Smith makes three specific arguments why his conduct should not be deemed misconduct. First, he contends that the McLane attendance policy is unreasonable because it is unduly complicated. But Smith testified that he "knew it was a strict policy" and that he knew that he could not "miss too many days." Also, Smith signed both of the written warnings issued by McLane, thus indicating that he understood that he could be terminated for his tenth violation. The situation Smith faced was easier to understand than the situation in Evenson, in which the policy provided only that "excessive or unwarranted" tardiness " could result in a verbal warning, a written warning, suspension without pay, or discharge." 344 N.W.2d at 881 (emphasis added). In contrast, the McLane policy gave Smith advance notice of the number of off-schedule violations that would result in termination, and the final warning informed him that he would be terminated upon his next instance of being tardy.

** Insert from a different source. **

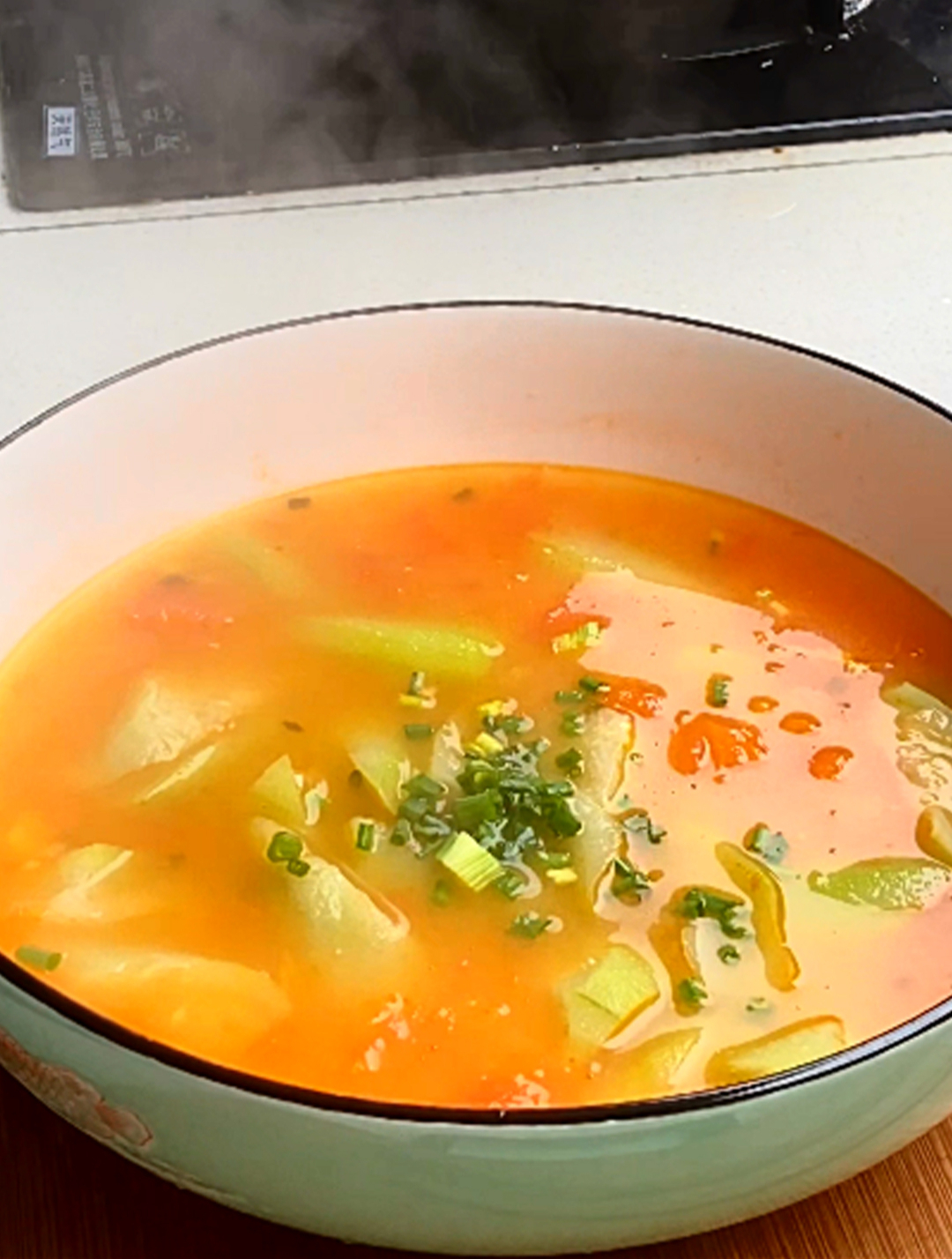 番茄和丝瓜居然还能这样吃,开胃又下饭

Second, Smith contends that his tardiness was "not excessive." He notes that, in his last six months of employment, he was late only four times, for a total of 29 minutes. He also notes that one of his tardies was due to a bridge closure. In addition, he notes that he almost qualified for the annual allocation of six credits. Smith compares himself favorably to employees in other unemployment cases whose conduct was worse than his own, such as an employee in one unpublished case who was tardy 117 times. These arguments simply do not overcome the ULJ's finding that Smith's conduct was a "serious violation of the standards of behavior that McLane Minnesota reasonably had the right to expect of him" and "clearly showed a substantial lack of concern for the employment." See Minn. Stat. § 268.095, subd. 6(a). "An employer has the right to establish and enforce reasonable rules governing absences from work," Wichmann, 729 N.W.2d at 28, and McLane's attendance policy is not unreasonable.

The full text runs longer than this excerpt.